Related to this is how besides the main conflict of each episode, everything else is pushed aside. In episode 9, Shirase took center stage while the other three girls melded into one emotionless unit, with no personality to speak of. Instead of showing the fun and varied personalities of the girls (like in the OP and in the first 4-5 episodes), the show has basically made them act and talk the same.

For example, maybe instead of focusing on Shirase’s reaction on getting to Antarctica, there could have been some inner dialogue from each girl. Nothing much, maybe just 5 seconds/one line for each of the three. Mari could have touched on how she’s finally doing something cool. Yuzuki could say how glad she is to have made it with her new friends. And Hina could say… something? I dunno. But instead, we got:

Mari: We’re here!

Yuzuki: We made it!

Hina: Goal!

It’s the same damn thing! Even though the episode focused on Shirase, it doesn’t have to be all Shirase all the time. In such an overdone genre, it was the small refinements that made the girls so likeable and unique early on in the show, and that’s slowly getting sucked out.

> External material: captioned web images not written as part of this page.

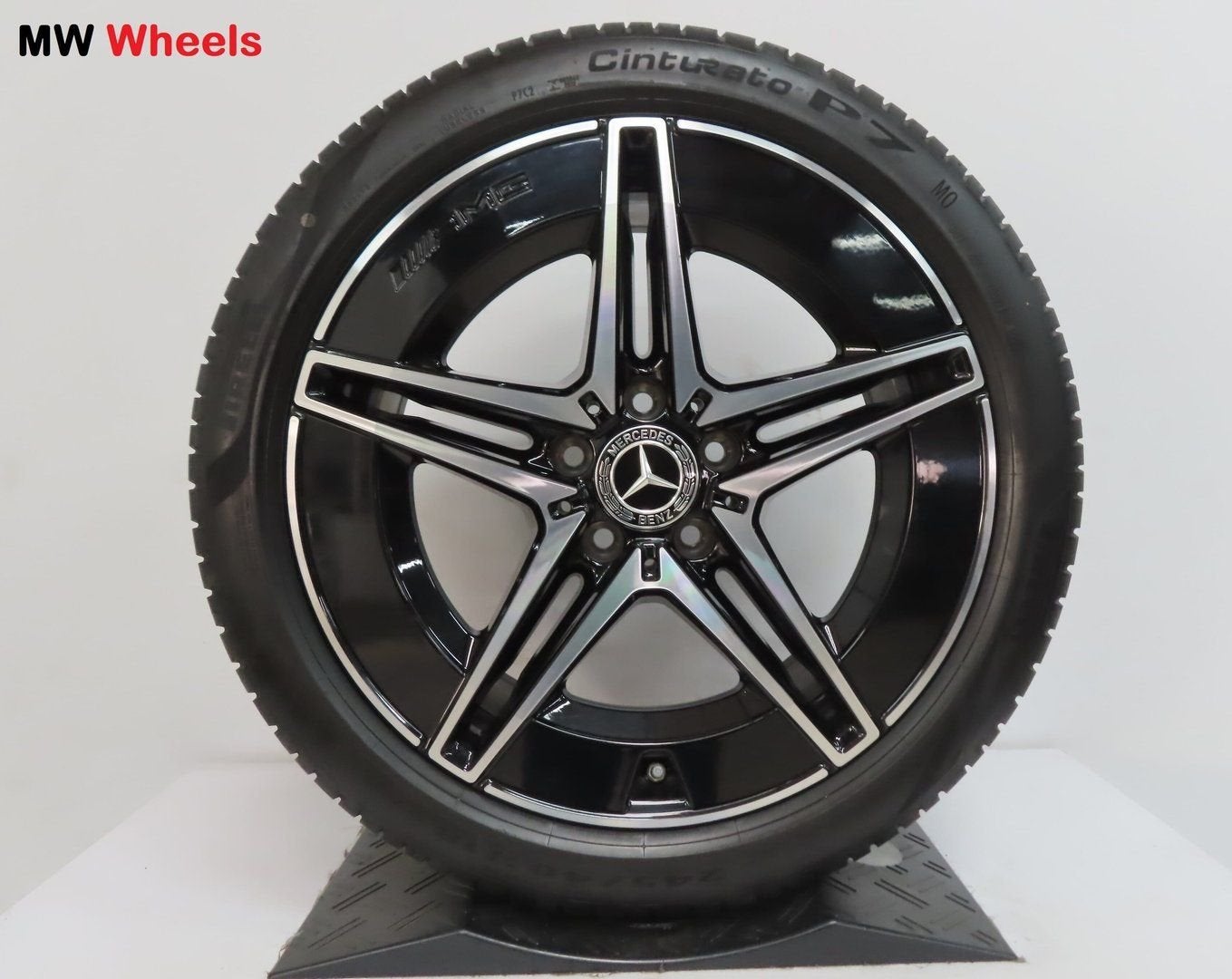 Mercedes C klasse W206 AMG 18 inch velgen met zomerbanden, Auto-onderdelen, Banden en Velgen, 18 inch, Gebruikt, -, -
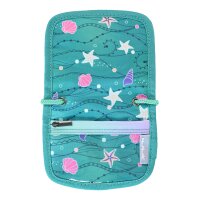 McNeill Brustbeutel SEAFISH – Kinderbrustbeutel mit Klarsichtfenster für Geld, Fahrkarte und Ausweis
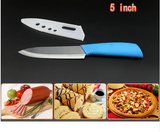 3" 4" 5" 6" inch + Peeler + Covers Zirconia Blackc Blade Ceramic Kitchen Knives Set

Anyway, it’s still a 9/10 for me overall. These last few episodes have lost the magic that made it a 10/10, but it’s still great.


A Place Further Than The Universe 4-6

From this point on, I’m switching from weebanese to English. Why use “Sora yori mo Tooi Basho” with basically arbitrary capitalization when I can use the actual English title?? Related to this: I noticed the other day that “Boku no Hero Academia” sounds pretty dumb in English compared to “My Hero Academia,” but I guess I just get used to whatever I see first… usually on reddit discussion threads.

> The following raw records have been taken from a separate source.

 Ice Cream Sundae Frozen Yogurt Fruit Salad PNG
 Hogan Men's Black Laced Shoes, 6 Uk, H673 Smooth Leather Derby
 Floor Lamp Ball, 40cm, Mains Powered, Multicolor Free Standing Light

Anyway, these past few episodes have been excellent. They’ve taken this genre, whatever it is, and perfected it. There’s one point in Episode 6 where Hinata loses her passport, and then there’s a shot of the hotel wall. I was half expecting/half dreading the stereotypical shriek of panic, and then a scene of Hinata frantically looking through her stuff. But as always, this show doesn’t fall prey to the tropes. The next scene is actually all of Hinata’s stuff on a bed, with the girls looking at it. I don’t think it’s very realistic that they’re not panicking, but it’s better than the over-the-top scene I was picturing.

ギガプリン!

I do have a gripe with the show, though. It treats conflicts like the monster-of-the-week. Every episode is a neatly wrapped bundle of conflict -> resolution -> next episode. I’d like a bit more continuity in the character development instead of the current formula of focusing on one character at a time.

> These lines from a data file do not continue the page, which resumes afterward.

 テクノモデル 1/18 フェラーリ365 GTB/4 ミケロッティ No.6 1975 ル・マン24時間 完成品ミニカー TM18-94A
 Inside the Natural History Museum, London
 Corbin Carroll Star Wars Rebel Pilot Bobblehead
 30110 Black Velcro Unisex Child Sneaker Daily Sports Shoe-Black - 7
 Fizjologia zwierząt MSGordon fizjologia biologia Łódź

The worst offender of this is actually what I thought was the best episode so far: episode 5. This episode focused on Mari’s glasses-wearing friend Megumi. Her annoyance at Mari and passive-aggressive attitude was spot-on and I felt so uneasy watching her try to hold Mari back. But then the end of the episode felt like such a cop out! I can understand why Megumi would want to break her ties with Mari: Mari can then enjoy her time in Antarctica without worrying about her friend back home who doesn’t get to have such fun experiences. But it felt more like the friendship was ending conveniently, to both wrap up the episode neatly and to have the audience enjoy watching Mari in Antarctica without worrying about Megumi.

If this was the only instance of this sort of conflict-of-the-week, then I’d be fine with it. But episode 6 strolls along and presents another one-episode minor conflict. Without a big, multi-episode goal like “trying to get on the expedition,” it seems like this show is floundering a bit. I’d much prefer just a fun episode about the girls having fun in Singapore, or multiple episodes in Singapore to make the conflict seem… important. In the end, it’s all resolved with a few cheap laughs. I hope this isn’t the end of Hinata’s character development, but it sure feels like it.

Still, this stuff is all minor. A Place Further Than The Universe is the best show of the season so far, miles above bigger names like Darling in the Franxx and Violet Evergarden.